## PROVIDED MATERIAL
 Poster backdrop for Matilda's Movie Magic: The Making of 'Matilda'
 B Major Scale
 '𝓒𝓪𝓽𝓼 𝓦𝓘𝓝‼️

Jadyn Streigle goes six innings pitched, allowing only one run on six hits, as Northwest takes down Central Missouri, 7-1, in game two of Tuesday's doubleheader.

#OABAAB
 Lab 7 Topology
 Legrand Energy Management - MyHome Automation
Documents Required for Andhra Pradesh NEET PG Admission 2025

...

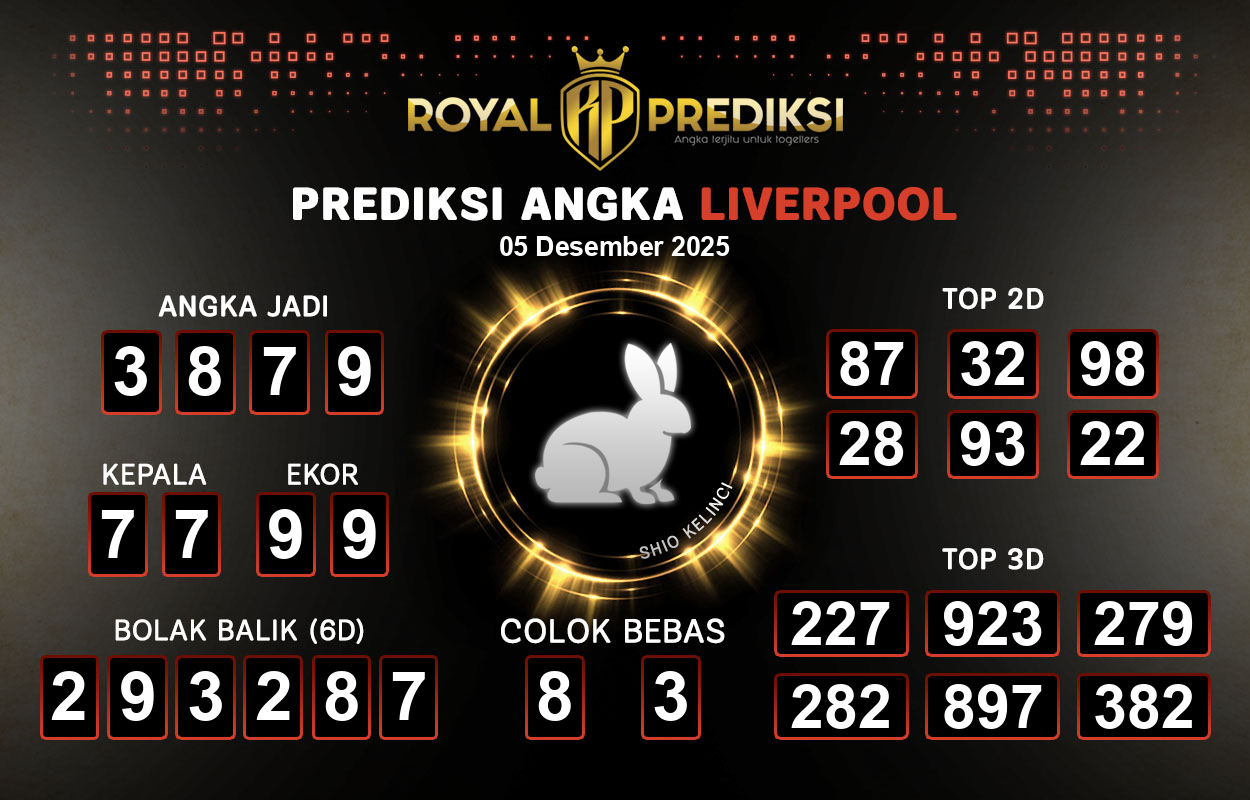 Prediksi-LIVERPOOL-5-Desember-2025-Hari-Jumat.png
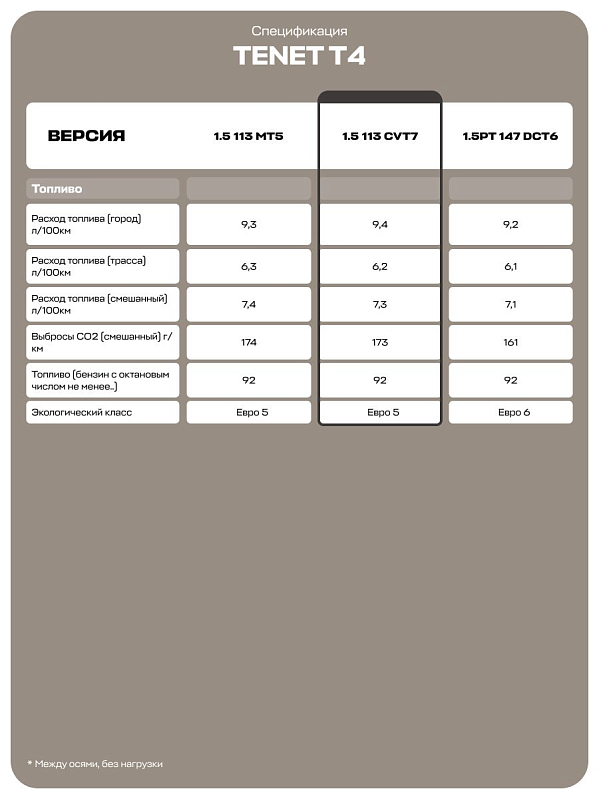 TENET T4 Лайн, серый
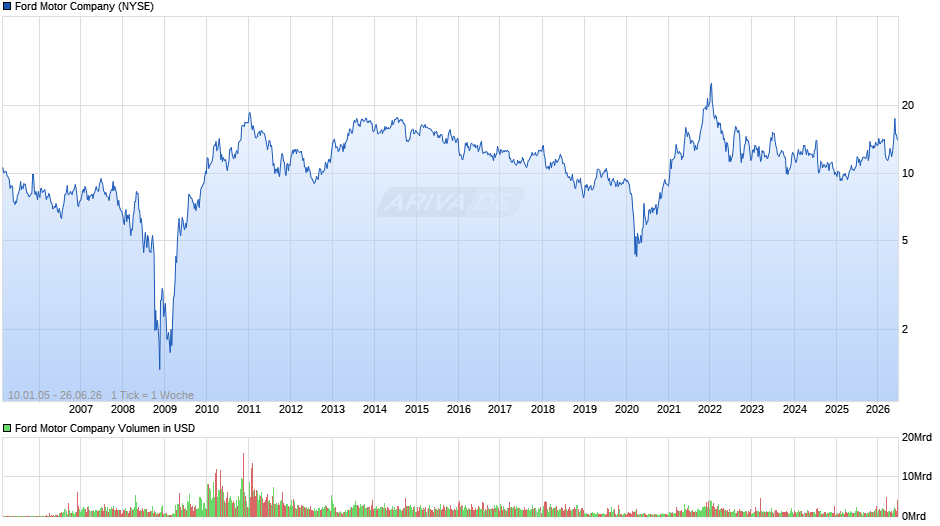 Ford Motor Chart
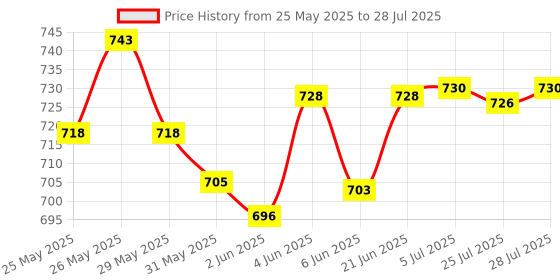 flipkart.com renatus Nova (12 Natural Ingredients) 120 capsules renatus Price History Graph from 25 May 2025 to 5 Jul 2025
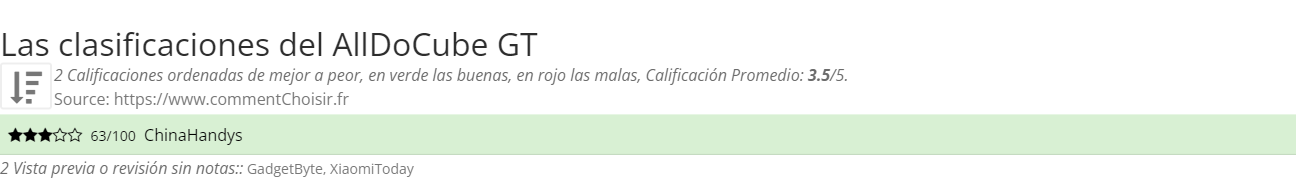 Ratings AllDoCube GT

## PROBLEM DESCRIPTION
Write down exactly the span of lines above from the one containing "Poster backdrop for" to the one containing "Lab 7 Topology", both ends included.

## EXERCISE OUTPUT
 Poster backdrop for Matilda's Movie Magic: The Making of 'Matilda'
 B Major Scale
 '𝓒𝓪𝓽𝓼 𝓦𝓘𝓝‼️

Jadyn Streigle goes six innings pitched, allowing only one run on six hits, as Northwest takes down Central Missouri, 7-1, in game two of Tuesday's doubleheader.

#OABAAB
 Lab 7 Topology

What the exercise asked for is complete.